How to use SparkSession in Apache Spark 2.0

Posted by Big Data Memo on December 29, 2016

pre

This blog is from here. https://databricks.com/blog/2016/08/15/how-to-use-sparksession-in-apache-spark-2-0.html

Generally, a session is an interaction between two or more entities. In computer parlance, its usage is prominent in the realm of networked computers on the internet. First with TCP session, then with login session, followed by HTTP and user session, so no surprise that we now have SparkSession, introduced in Apache Spark 2.0.

Beyond a time-bounded interaction, SparkSession provides a single point of entry to interact with underlying Spark functionality and allows programming Spark with DataFrame and Dataset APIs.

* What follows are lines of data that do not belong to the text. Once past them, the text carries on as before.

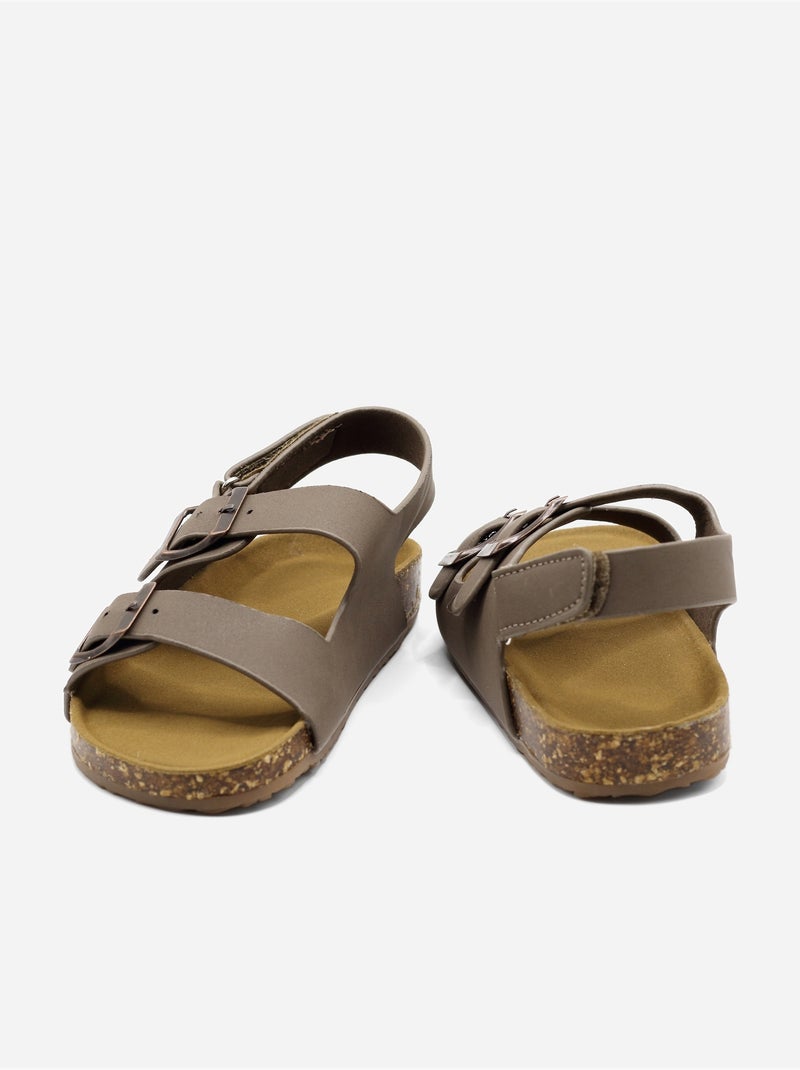 Sandalen met klittenband Bruin - Kiabi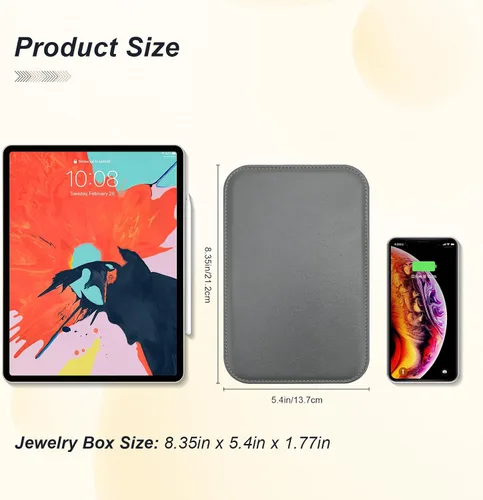 Miniatura 5 de V-LAFUY Caja de Joyería de Viaje para Mujeres, Organizador de Joyería de Viaje, Organizador de Joyería Pequeño Portátil de 2 Niveles para Aretes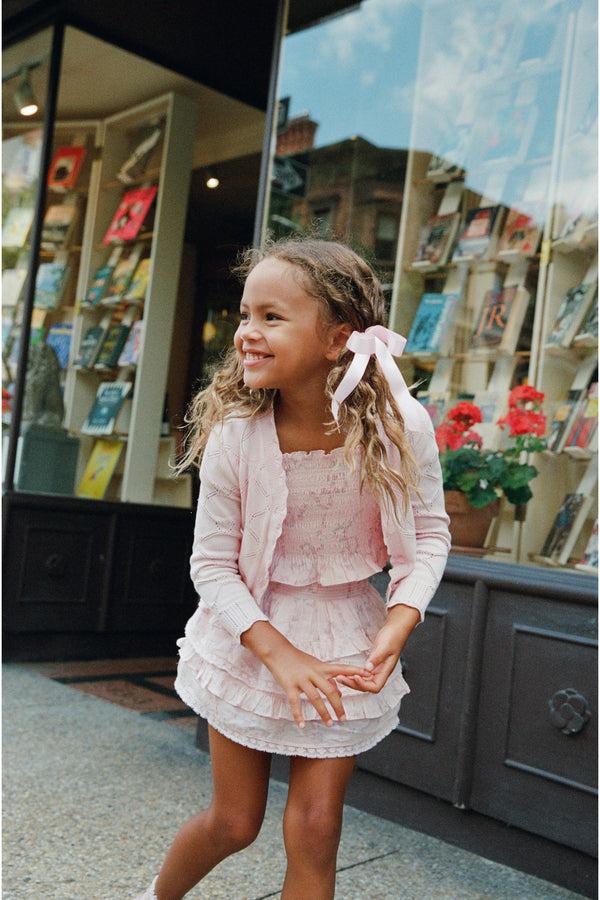 Loveshackfancy Girls Barlene Cotton Heart Argyle Cardigan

Most importantly, it curbs the number of concepts and constructs a developer has to juggle while interacting with Spark.

In this blog and its accompanying Databricks notebook, we will explore SparkSession functionality in Spark 2.0.

Exploring SparkSession’s Unified Functionality

First, we will examine a Spark application, SparkSessionZipsExample, that reads zip codes from a JSON file and do some analytics using DataFrames APIs, followed by issuing Spark SQL queries, without accessing SparkContext, SQLContext or HiveContext.

Creating a SparkSession

In previous versions of Spark, you had to create a SparkConf and SparkContext to interact with Spark, as shown here:

//set up the spark configuration and create contexts
val sparkConf = new SparkConf().setAppName("SparkSessionZipsExample").setMaster("local")
// your handle to SparkContext to access other context like SQLContext
val sc = new SparkContext(sparkConf).set("spark.some.config.option", "some-value")
val sqlContext = new org.apache.spark.sql.SQLContext(sc)

Whereas in Spark 2.0 the same effects can be achieved through SparkSession, without expliciting creating SparkConf, SparkContext or SQLContext, as they’re encapsulated within the SparkSession. Using a builder design pattern, it instantiates a SparkSession object if one does not already exist, along with its associated underlying contexts.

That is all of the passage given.